For example, in the 2 − D case, there is only one isometric independent pattern $\mathcal {P^{\ast }}$ satisfying (3), i.e. the 2 − D RBG pattern (Fig. 5, left). From 3 − D, there are many independent patterns being solution of (3) (cf. Fig. 6).

4.3 Generating adjacent patterns

A recursive algorithm is proposed in Fig. 7 to list all patterns $\mathcal {P}$ corresponding to a given dimension, solution of (3). A pattern solution is a sequence composed of 2^D points in which every two consecutive points are separated by a unit distance. This is a successive appending of a new point which is adjacent to the last point of the actual sequence. To satisfy the adjacent condition, the new point is obtained from the last point by modifying only one coordinate. Therefore, we have D − 1 possibilities for the new point. D − 1 possibilities and not D, because the coordinate previously selected by the last point must be excluded under penalty of passing twice through the same point. Accordingly, for a curve evolving in D-dimension, with the first point fixed (the sequence is initialized with the origin (0, 0, ..., 0)) listing all patterns, which contain 2^D − 1 adjacent points, the algorithm scans over $(D-1)^{2^{D}-1}$ possibilities at most. The algorithm complexity is high but in practice it remains computable; the search of patterns is a process lead off-line and for dimensions not exceeding 20 (cf.

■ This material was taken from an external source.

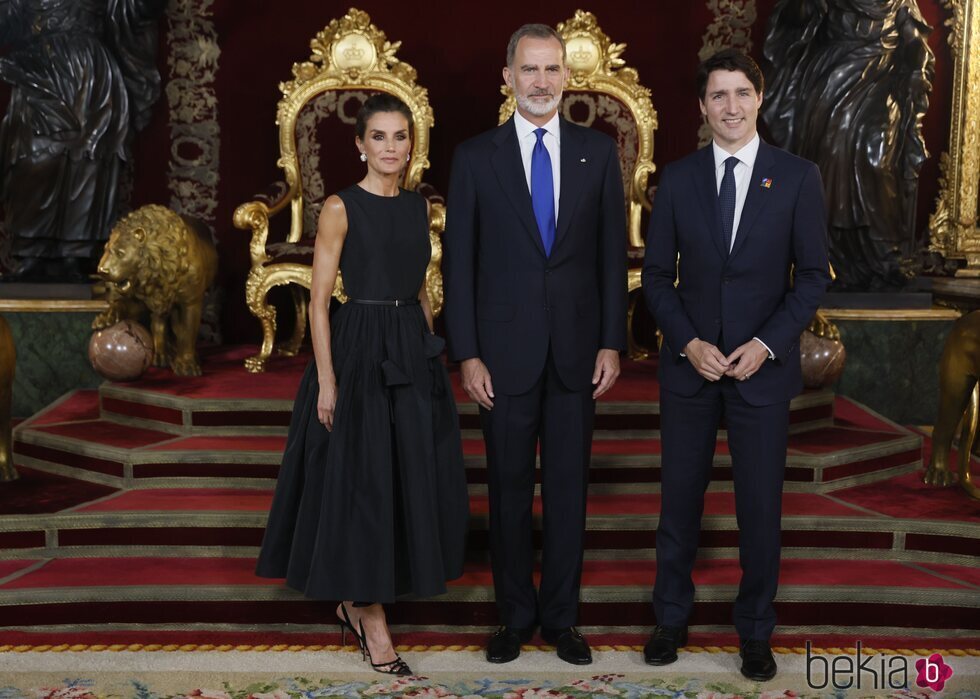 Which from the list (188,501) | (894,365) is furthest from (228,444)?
(894,365)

Section 5).

4.4 Measure of Locality preservation of new patterns

The preservation of locality is a highly sought property needed by applications managing multidimensional data [12, 21, 37]. But, what is the level of locality preservation reached by the new patterns?

Some comparative results are synthetized in Tables 1, 2, 3 and 4 respectively for the 4 − D and 5 − D cases. Only independent isometric patterns $\mathcal {P^{\ast }}$, solutions of (3) and generated from the Algorithm given in Fig. 7, are taken into account. The locality preservation of candidates is estimated through the criterion described and justified in Section 3.1. L is assessed not only for a single neighborhood radius as originally in [12] but for several radius values $\in [1-\frac {N^{D}}{4}]$. Note that, a smaller L value corresponds to a better locality preservation.

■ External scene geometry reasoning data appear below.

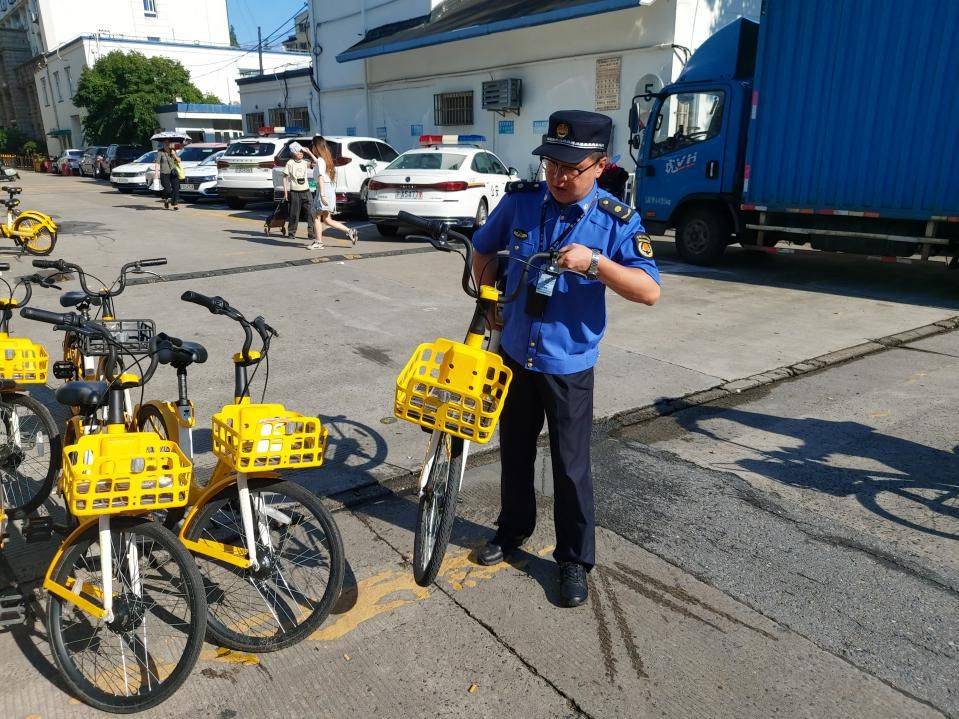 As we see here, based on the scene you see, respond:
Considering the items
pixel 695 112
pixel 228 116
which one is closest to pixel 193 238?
pixel 695 112

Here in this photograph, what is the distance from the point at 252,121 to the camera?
3155 cm

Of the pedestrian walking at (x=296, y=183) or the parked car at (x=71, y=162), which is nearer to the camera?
the pedestrian walking at (x=296, y=183)

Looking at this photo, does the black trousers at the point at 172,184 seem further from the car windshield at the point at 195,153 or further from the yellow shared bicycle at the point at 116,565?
the yellow shared bicycle at the point at 116,565

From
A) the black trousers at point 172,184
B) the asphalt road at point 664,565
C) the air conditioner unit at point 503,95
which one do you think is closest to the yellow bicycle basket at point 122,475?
the asphalt road at point 664,565

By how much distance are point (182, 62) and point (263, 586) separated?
→ 53795mm

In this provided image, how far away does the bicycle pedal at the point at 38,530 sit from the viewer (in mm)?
3285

Table 1 Locality preservation L of the new 4-D patterns : RBG is not the most locality preserving pattern, there is a new way to fill a space $\mathcal {P}_{1}^{\ast }$ that reaches the same level of locality

Full size table

Table 2 Identification of the two 4-D spatial ordering which leads to the best locality preservation : RBG and $\mathcal {P}_{1}^{\ast }$ (cf. Table 1)

Full size table

Table 3 Locality preservation L of the new 5-D patterns: RBG, so far used in previous multidimensional extensions of the Hilbert curve, is not the most locality preserving

Full size table

From these results, we see that:

From 3 − D, there exists more than one pattern verifying (3). In fact, the number of new pattern solutions (independent isometric) increases with the space dimension, that opens the possibilities to fill a given space and to find a good pattern from locality criterion. For example, more than four patterns have been identified in the 4 − D case in which the classical RBG is contained (cf. Table 1) and there is a new pattern $\mathcal {P}_{1}^{\ast }$ that reaches the same level of locality.
From 5 − D, even if the L values evolve in the same order of magnitude^{Footnote 5} (cf. Table 3) a partition between new solutions and RBG is observed especially from medium to high neighborhood radius. For example, in the 5 − D case, the RBG is the best preserving pattern for radius ∈ [3 − 5], but when the locality is studied for radius > 5 then four new competitive patterns ($\mathcal {P}_{1}^{\ast },\mathcal {P}_{2}^{\ast },\mathcal {P}_{3}^{\ast },\mathcal {P}_{4}^{\ast }$) emerge.

The existence of patterns that improve the locality not only for a single radius value but for several consecutive values of neighborhood (6,7,8) could be interesting for a CBIR application. The results of image queries are often presented as top ranking which leads us to consider rather a range of neighborhoods than a single value. For example, $\mathcal {P}_{1}^{\ast }$ which is the best preserving pattern for radius 6,7 (with resp. L = 3.468 v s 3.750, L = 3.500 v s. 3.750) remains competitive for the radius 8 (L = 3.656 v s 3.750).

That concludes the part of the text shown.